==== Source data
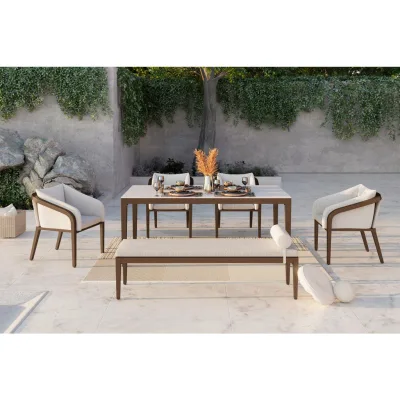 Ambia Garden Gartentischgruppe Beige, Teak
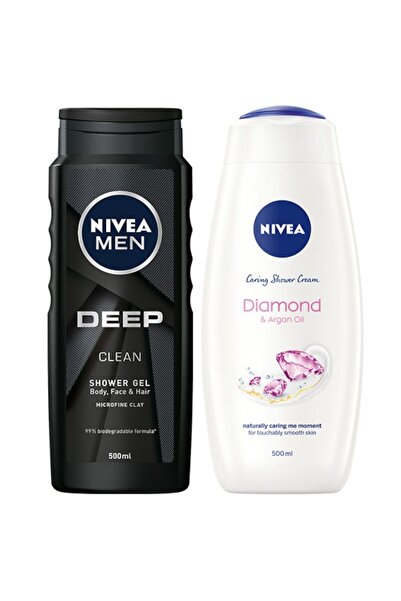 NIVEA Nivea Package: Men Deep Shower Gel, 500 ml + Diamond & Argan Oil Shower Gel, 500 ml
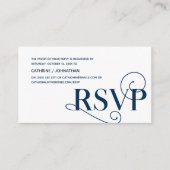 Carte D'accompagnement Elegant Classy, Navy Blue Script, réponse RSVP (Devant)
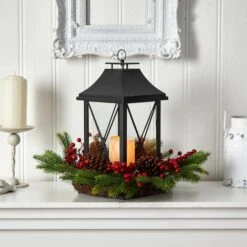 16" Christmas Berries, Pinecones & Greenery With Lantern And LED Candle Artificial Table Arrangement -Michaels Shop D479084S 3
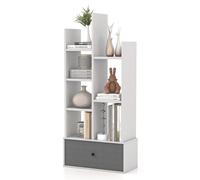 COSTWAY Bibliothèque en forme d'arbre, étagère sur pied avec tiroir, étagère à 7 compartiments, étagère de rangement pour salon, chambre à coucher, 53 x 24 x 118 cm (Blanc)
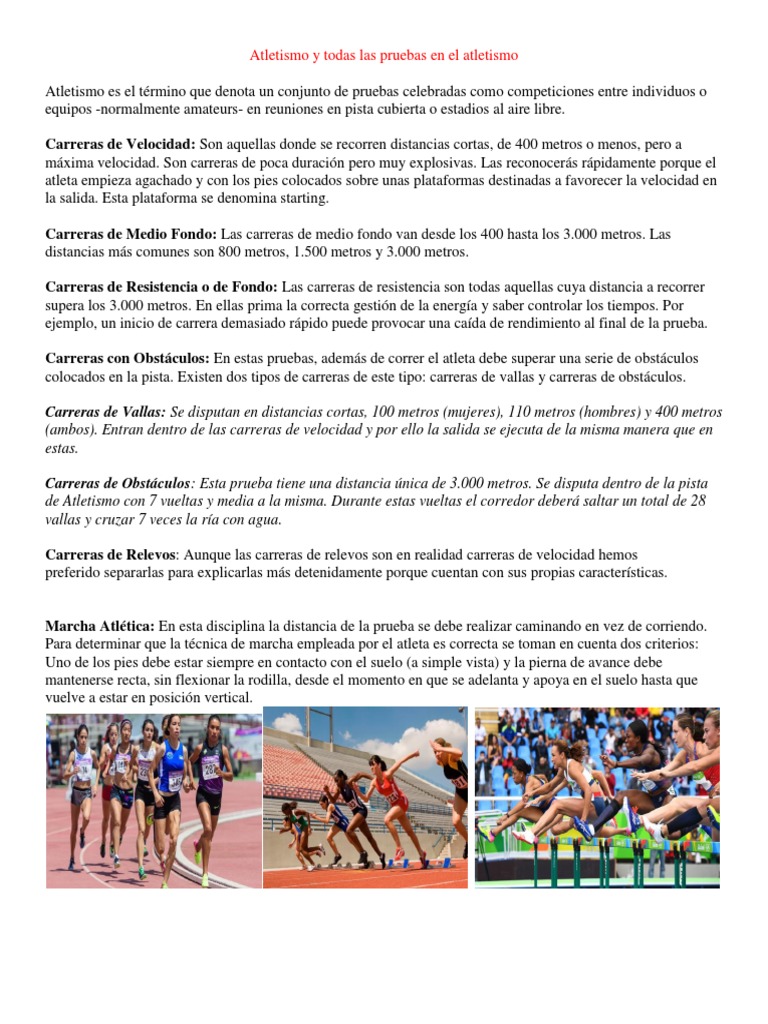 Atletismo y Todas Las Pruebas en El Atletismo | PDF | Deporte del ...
========
==== Source data
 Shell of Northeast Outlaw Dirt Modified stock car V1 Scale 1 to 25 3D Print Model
========
▶ **About this task**
Though the entries above contain pictures, none should be copied; reproduce only the lines between the one holding "Ambia Garden Gartentischgruppe Beige, Teak" and the one holding "Atletismo y Todas", inclusive, exactly as written.

▶ **Solution for this exercise**
 Ambia Garden Gartentischgruppe Beige, Teak
 NIVEA Nivea Package: Men Deep Shower Gel, 500 ml + Diamond & Argan Oil Shower Gel, 500 ml
 Carte D'accompagnement Elegant Classy, Navy Blue Script, réponse RSVP (Devant)
 16" Christmas Berries, Pinecones & Greenery With Lantern And LED Candle Artificial Table Arrangement -Michaels Shop D479084S 3
 COSTWAY Bibliothèque en forme d'arbre, étagère sur pied avec tiroir, étagère à 7 compartiments, étagère de rangement pour salon, chambre à coucher, 53 x 24 x 118 cm (Blanc)
 Atletismo y Todas Las Pruebas en El Atletismo | PDF | Deporte del ...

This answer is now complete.